We vigil for peace in front of the Rolla Post Office THIS THURSDAY, DECEMBER 15, 2016, (and all subsequent Thursdays until peace is established) from Noon to 1:00 PM. Please try to join us. The temperature is predicted to be in the 20s. If you do not feel comfortable standing with us in front of the Post Office, please consider driving by and showing your support for our message by honking your horn and flashing a peace sign.

2. BUEHLER PARK — YOUR HELP IS STILL NEEDED

There is nothing new to report this week; but if you have not already done so, Please sign the petition; and ask your friends and family to sign too.

Your phone calls and emails have been very helpful. Please keep them coming. Contact the City of Rolla and ask them not to build a dog-park in Buehler Park: (573)426-6948, citycouncil@rollacity.org.

For more information click here.

Thank you for your help in preserving Buehler Park as the lovely little park that it is for all local residents and visitors to enjoy.

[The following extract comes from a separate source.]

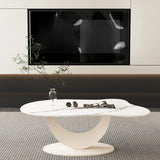 Waterproof Stone Free Form Abstract Base Coffee Table Image - 1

3. LOOKING FOR A WAY TO STAY POSITIVE

There's a lot of bad news out there. Most of what one can find in the news is focused on how bad things are, and how much worse they're going to be when Trump takes office. Unless you go to the right-leaning or billionnaire-leaning news sites, where everything is rosy, at least if you are a rich white male. Looking for a bit of hope, I came across this article by Betsy Hartmann, who offers some positive things one can do — not to defeat Trump, as she says — he has already won — but to resist the bad things that are coming, and to build an alternative reality that works for everyone, not just rich white men.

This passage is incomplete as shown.